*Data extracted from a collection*
-*-*-

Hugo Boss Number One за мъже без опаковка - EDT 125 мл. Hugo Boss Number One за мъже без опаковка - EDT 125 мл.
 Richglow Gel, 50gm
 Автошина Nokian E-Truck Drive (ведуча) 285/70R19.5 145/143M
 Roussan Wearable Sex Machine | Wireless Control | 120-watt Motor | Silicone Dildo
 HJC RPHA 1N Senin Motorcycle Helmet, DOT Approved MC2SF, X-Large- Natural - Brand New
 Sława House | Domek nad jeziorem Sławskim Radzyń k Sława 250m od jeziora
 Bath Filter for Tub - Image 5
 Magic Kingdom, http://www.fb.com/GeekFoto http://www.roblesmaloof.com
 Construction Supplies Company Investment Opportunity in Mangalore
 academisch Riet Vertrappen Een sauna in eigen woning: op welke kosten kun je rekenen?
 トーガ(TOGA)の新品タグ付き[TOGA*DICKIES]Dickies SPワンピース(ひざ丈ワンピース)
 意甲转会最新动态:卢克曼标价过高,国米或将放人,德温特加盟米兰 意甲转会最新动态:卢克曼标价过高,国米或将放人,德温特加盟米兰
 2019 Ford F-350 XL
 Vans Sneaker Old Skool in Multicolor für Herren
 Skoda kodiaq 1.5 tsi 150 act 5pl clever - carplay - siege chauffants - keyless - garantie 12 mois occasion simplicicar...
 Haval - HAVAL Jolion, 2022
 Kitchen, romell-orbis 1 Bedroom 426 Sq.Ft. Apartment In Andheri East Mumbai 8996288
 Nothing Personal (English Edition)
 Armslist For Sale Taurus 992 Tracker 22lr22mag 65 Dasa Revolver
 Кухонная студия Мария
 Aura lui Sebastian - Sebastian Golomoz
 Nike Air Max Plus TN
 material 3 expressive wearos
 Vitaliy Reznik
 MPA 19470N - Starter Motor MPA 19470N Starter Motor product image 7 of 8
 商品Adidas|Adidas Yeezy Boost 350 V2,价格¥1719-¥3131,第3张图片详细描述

-*-*-

*Activity*
Would you output, unchanged, each line from the start of the records to the line that holds "Haval - HAVAL Jolion, 2022", both included and nothing else?

*Output for this exercise*
Hugo Boss Number One за мъже без опаковка - EDT 125 мл. Hugo Boss Number One за мъже без опаковка - EDT 125 мл.
 Richglow Gel, 50gm
 Автошина Nokian E-Truck Drive (ведуча) 285/70R19.5 145/143M
 Roussan Wearable Sex Machine | Wireless Control | 120-watt Motor | Silicone Dildo
 HJC RPHA 1N Senin Motorcycle Helmet, DOT Approved MC2SF, X-Large- Natural - Brand New
 Sława House | Domek nad jeziorem Sławskim Radzyń k Sława 250m od jeziora
 Bath Filter for Tub - Image 5
 Magic Kingdom, http://www.fb.com/GeekFoto http://www.roblesmaloof.com
 Construction Supplies Company Investment Opportunity in Mangalore
 academisch Riet Vertrappen Een sauna in eigen woning: op welke kosten kun je rekenen?
 トーガ(TOGA)の新品タグ付き[TOGA*DICKIES]Dickies SPワンピース(ひざ丈ワンピース)
 意甲转会最新动态:卢克曼标价过高,国米或将放人,德温特加盟米兰 意甲转会最新动态:卢克曼标价过高,国米或将放人,德温特加盟米兰
 2019 Ford F-350 XL
 Vans Sneaker Old Skool in Multicolor für Herren
 Skoda kodiaq 1.5 tsi 150 act 5pl clever - carplay - siege chauffants - keyless - garantie 12 mois occasion simplicicar...
 Haval - HAVAL Jolion, 2022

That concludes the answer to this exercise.